Reliable and durable reproduction together with a recognized level of legal and audit compliance are indispensable features for the long-term preservation and archiving of electronic documents.

The PDF/A format provides the legal certainty you need for long-term archiving and is one reason why it has been an ISO standard since 2005. The format has been perfected since then, and now we have to distinguish between the original PDF/A-1 edition and the newer versions PDF/A-2 and PDF/A-3 that provide additional features. The overriding advantage of this file format is that the documents them­selves contain all the elements needed for reproduction.

Long-term archiving format: PDF/A an ISO-standardized version of the Portable Document Format, which – in its original PDF/A-1 edition – was established in late 2005 as an international standard for long-term archiving as defined by ISO 19005-1. In contrast to the feature-rich nature of the conventional PDF version, PDF/A has a more manageable range of functionalities designed especially for digital archiving. Each document is fully self-contained because all of the elements needed for exact reproduction are embedded and unalterably integrated within the file itself. This ensures that the source file’s original appearance and associated content, such as texts, graphical elements, layout, colors and font specifications, is maintained over time and on any platform.

The PDF/A-2 and PDF/A-3 versions were published as ISO standards in July 2011 and October 2012 respectively. These are not new versions in the classical sense, but simply extensions of the original PDF/A-1 edition which provide users with a number of new features. In the case of PDF/A-2 such features include JPEG 2000 image compression and the ability to process very large page formats. PDF/A-3 allows the embedding of arbitrary file formats, such as original Excel files or an XML dataset with static visual representation. PDF/A-1 and PDF/A-2 files remain valid and were not superseded even after PDF/A-3 became a standard. In addition to these three versions the PDF/A standard has what are called conformance levels. These levels indicate the document’s various qualities and features in terms of accessibility (Level A), basic conformance mainly in terms of reliable reproduction of visual appearance (Level B), and the representation of texts in Unicode format (Level U).

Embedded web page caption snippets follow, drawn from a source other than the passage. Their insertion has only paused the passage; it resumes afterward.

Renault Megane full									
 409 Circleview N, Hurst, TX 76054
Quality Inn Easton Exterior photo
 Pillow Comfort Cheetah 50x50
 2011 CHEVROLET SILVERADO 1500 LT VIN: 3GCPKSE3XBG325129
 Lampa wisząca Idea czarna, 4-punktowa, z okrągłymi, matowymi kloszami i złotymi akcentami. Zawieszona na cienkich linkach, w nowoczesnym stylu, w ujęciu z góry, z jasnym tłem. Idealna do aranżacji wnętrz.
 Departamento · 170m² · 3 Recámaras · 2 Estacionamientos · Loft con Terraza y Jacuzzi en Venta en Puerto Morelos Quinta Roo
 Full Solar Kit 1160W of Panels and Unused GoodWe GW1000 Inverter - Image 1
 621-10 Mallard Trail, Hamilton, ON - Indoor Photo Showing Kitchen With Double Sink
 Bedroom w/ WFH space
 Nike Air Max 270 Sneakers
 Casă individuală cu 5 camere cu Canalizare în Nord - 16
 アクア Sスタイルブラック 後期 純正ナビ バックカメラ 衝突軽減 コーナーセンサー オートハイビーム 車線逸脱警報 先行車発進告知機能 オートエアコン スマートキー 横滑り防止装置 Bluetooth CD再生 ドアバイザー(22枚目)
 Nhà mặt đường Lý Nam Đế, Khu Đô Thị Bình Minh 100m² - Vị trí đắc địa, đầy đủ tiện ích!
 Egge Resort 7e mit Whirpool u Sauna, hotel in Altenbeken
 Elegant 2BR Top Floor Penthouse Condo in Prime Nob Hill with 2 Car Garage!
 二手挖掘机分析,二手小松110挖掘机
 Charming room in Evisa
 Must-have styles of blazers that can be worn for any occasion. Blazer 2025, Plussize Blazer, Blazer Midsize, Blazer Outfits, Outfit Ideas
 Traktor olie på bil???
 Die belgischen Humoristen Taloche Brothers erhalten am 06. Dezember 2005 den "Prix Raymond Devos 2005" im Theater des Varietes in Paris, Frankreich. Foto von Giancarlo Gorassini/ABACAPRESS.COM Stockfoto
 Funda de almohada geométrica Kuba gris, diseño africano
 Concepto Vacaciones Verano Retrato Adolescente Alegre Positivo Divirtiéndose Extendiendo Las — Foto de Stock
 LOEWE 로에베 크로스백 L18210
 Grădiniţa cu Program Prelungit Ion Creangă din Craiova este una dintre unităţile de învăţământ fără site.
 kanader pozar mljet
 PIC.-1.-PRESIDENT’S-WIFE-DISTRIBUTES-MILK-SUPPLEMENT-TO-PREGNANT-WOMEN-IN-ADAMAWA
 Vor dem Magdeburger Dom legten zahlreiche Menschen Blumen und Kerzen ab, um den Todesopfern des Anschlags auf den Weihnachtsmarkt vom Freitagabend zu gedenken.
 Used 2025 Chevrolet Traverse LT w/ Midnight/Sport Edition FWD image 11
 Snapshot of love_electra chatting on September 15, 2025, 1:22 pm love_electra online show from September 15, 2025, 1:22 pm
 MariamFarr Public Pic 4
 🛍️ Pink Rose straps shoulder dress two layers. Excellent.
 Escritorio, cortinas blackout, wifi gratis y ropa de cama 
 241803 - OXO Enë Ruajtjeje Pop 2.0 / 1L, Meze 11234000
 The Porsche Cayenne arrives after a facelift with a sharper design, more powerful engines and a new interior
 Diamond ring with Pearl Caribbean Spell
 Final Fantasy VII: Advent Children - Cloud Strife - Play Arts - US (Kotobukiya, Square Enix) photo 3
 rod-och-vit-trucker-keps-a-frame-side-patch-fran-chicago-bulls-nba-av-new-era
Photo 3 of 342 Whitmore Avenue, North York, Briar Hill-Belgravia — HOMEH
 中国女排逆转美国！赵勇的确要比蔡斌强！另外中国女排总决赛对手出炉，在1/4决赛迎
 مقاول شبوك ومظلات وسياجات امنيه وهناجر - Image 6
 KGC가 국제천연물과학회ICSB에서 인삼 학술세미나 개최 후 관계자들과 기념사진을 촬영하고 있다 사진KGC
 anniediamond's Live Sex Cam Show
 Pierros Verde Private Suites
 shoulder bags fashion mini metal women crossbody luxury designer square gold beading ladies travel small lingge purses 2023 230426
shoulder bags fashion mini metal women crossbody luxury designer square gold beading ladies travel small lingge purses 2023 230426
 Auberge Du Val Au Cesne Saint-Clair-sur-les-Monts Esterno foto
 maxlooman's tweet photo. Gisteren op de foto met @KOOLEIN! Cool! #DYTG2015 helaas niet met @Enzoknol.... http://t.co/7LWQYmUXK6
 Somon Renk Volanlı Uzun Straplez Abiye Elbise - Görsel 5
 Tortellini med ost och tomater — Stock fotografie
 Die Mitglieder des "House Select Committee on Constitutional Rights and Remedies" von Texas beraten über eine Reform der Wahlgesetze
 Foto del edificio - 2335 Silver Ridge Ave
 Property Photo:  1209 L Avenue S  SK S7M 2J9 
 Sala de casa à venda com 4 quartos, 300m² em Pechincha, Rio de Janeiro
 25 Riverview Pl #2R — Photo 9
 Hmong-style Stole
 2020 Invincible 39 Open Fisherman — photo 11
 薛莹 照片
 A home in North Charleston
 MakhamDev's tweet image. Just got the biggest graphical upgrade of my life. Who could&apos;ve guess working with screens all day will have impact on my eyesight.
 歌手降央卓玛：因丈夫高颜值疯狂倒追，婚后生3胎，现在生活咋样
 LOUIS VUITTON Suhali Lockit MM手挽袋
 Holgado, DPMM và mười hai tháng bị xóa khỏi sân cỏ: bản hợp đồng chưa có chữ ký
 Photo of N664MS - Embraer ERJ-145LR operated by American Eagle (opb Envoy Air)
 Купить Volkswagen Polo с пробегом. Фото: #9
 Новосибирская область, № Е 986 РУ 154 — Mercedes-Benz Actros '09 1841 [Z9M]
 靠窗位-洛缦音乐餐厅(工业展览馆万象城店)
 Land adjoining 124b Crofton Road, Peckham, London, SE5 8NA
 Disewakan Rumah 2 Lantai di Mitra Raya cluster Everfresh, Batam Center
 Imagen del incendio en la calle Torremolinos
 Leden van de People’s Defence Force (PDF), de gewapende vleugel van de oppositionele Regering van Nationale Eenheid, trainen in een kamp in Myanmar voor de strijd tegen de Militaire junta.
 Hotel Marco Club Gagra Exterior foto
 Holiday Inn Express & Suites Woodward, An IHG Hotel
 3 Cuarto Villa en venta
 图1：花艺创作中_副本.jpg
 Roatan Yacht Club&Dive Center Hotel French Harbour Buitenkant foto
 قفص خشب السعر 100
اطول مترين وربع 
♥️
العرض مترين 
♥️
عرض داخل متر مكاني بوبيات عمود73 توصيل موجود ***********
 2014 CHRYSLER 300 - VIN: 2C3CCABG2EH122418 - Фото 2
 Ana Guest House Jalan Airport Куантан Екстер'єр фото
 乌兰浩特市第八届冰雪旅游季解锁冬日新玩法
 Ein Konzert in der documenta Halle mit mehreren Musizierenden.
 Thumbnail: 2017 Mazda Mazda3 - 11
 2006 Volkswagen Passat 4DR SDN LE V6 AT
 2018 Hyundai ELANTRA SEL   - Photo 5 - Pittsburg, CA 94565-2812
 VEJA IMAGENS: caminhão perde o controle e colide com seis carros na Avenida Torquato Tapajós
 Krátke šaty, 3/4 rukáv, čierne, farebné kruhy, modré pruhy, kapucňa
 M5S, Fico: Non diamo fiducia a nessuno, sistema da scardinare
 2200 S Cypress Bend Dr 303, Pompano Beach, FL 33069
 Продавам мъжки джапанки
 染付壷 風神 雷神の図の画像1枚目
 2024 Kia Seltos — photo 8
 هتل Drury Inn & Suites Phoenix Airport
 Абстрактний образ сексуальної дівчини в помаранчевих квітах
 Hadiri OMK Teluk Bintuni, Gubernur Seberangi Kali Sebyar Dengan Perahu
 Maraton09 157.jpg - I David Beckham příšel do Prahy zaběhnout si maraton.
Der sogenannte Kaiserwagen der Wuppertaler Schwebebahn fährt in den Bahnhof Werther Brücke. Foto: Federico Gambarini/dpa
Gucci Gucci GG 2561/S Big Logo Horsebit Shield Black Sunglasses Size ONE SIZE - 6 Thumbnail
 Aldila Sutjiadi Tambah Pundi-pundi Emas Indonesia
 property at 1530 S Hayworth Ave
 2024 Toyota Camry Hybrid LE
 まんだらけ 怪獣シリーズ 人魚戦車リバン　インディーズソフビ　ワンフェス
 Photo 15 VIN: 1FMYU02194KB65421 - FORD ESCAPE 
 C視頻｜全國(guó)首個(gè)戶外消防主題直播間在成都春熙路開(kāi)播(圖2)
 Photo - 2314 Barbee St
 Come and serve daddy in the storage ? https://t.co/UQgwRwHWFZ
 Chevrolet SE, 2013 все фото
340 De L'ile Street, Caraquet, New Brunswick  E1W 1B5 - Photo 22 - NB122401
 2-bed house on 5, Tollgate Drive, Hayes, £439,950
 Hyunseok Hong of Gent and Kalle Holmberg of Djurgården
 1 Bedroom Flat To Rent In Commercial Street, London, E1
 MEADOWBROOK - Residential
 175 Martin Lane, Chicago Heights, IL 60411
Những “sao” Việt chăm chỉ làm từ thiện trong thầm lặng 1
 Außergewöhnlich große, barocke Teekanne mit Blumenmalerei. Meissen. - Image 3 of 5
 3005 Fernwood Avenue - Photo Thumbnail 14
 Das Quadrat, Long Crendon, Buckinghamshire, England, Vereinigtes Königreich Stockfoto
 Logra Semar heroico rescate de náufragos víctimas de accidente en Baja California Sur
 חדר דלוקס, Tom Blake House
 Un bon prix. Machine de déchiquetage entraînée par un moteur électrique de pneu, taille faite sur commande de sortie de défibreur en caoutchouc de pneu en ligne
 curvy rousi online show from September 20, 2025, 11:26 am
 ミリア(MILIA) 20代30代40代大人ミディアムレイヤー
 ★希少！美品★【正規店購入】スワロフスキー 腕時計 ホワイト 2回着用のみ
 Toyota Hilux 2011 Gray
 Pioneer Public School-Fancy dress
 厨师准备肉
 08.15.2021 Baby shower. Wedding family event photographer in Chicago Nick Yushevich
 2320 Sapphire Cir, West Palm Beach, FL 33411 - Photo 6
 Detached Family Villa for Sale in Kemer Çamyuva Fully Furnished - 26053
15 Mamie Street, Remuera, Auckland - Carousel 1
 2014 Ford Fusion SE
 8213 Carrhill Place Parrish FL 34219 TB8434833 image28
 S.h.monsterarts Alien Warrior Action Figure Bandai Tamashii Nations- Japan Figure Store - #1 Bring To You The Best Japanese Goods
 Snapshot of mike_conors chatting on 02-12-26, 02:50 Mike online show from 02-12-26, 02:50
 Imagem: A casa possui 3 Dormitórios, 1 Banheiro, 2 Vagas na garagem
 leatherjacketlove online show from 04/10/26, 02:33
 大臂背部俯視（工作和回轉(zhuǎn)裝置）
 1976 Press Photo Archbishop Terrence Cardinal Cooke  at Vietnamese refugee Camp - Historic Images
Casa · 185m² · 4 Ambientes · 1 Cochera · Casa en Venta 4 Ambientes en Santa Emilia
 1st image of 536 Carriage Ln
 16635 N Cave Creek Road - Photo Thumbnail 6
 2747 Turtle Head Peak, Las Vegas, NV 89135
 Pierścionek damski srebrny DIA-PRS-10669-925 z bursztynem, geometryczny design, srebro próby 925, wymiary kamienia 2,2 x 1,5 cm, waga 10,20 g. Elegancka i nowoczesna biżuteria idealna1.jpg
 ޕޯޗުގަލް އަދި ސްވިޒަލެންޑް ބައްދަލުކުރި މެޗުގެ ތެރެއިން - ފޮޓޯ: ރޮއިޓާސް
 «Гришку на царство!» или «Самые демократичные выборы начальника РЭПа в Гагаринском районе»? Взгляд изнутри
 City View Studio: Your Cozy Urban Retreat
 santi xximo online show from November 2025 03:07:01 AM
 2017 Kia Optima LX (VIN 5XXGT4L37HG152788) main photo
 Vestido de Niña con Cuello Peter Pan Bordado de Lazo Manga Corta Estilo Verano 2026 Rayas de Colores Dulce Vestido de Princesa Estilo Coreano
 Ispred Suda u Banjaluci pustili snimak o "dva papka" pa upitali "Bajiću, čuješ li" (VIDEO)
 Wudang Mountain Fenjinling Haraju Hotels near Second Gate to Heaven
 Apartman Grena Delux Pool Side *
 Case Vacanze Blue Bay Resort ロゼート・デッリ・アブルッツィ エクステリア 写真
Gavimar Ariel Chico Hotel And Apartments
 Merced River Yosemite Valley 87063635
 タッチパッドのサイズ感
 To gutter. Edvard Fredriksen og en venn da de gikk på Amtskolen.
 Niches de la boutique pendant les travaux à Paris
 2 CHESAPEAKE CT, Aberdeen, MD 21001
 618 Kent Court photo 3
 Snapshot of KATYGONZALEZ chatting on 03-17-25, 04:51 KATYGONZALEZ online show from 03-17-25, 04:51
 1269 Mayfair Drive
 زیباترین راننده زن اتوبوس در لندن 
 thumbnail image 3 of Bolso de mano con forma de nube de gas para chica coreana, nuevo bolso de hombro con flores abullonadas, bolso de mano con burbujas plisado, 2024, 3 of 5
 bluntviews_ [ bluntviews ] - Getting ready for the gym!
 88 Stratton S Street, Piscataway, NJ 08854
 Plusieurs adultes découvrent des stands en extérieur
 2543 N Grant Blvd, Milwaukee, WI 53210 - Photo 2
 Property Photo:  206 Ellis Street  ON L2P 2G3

In light of the fact that critical business documents are often subject to strict statutory retention periods, the ability to render an exact reproduction over time must be ensured. PDF/A is your assurance that electronic documents will preserve their visual appearance and remain readable into the future – independent of the application or system that was used to create them. This is a powerful argument for why a wide range of industries use this version for long-term archiving.